I don’t believe we have been sold a lie that disability is a bad thing because I believe that disability is actually a bad thing. It’s challenging and painful and, a lot of the time, it is exhausting. I do however think we’ve been sold a lie that disability is the worst thing, an un-livable thing and an end-of-the-world thing. And that’s just not true. I hope you can see that by looking at me and my life. And until that cure is a reality, life will be good and full and happy. Disability will still suck and I am OK with that because disability is not my entire life, just a piece of it.
5 comments
Wow! What a great article. I appreciate your comments. Yes, we are more than our disabilities. Thank you for your reflection. 🙂
So as I read this, especially when you were talking about how disabilities are usually acquired, I realized something that is true for me. I’m Autistic, I was born with autism, and while there are parts of it that suck, as a whole, I think my Autism is a good thing. I also have Dysautonomia, which developed in my early twenties, and I consider it to definitely not be a good thing. I think the difference for me is that Autism has always been part of me, but Dysautonomia hasn’t. I have memories of life before it, and I would definitely leave it behind if I could. Thank you for bringing this topic up, I really enjoyed thinking about it.

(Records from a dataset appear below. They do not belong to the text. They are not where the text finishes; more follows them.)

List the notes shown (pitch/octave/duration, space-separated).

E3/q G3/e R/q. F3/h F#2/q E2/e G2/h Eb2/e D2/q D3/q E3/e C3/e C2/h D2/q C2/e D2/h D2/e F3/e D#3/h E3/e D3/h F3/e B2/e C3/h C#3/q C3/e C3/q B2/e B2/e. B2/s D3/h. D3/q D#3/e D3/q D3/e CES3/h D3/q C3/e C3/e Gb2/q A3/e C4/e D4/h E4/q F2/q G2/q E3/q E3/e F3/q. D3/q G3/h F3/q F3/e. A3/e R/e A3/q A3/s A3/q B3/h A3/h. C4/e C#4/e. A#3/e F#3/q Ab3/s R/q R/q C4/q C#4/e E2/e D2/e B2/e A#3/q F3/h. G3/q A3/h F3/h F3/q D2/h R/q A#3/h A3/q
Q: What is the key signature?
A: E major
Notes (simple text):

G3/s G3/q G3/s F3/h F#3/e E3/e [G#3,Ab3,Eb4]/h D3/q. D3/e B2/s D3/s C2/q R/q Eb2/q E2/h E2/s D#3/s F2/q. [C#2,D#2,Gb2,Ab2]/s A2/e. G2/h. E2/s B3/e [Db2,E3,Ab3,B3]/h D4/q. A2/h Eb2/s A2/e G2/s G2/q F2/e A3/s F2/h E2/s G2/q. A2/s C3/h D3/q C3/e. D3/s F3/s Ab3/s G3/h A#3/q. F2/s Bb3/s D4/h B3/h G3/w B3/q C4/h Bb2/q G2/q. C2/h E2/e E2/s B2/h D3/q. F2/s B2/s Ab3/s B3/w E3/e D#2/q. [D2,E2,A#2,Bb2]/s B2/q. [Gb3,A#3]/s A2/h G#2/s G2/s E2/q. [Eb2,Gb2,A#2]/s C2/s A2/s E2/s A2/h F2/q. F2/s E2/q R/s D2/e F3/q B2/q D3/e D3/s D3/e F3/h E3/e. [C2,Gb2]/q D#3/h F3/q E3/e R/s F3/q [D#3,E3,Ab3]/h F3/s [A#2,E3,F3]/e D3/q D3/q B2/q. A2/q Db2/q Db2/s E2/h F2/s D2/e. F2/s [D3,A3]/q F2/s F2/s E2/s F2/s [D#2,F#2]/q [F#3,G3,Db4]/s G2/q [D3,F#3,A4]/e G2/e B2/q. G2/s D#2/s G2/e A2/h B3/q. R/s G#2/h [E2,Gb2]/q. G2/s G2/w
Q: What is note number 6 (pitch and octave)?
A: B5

I was very curious as I was writing this if there is a big difference between lifelong disabilities as opposed to those acquired during one’s lifetime. Thanks for chiming in!
I believe if you are born with a particular disability that is all you know. I don’t know if it’s easier to accept, but you don’t know anything different. When you acquire a disability through illness after having a previously “normal” life (whatever that is) you definitely miss doing everything you were capable of before. It is a significant loss and most definitely changes the way you have to live your life. Unfortunately, I feel that I sometimes define myself by my loss and that is very negative. I have never been able to accept my loss and I’ve given up trying. I am not outwardly bitter…in fact I come across as pleasant and cheery because nobody likes negativity or even understands why you are feeling this way.
Thank you Codi for sharing your personal insights!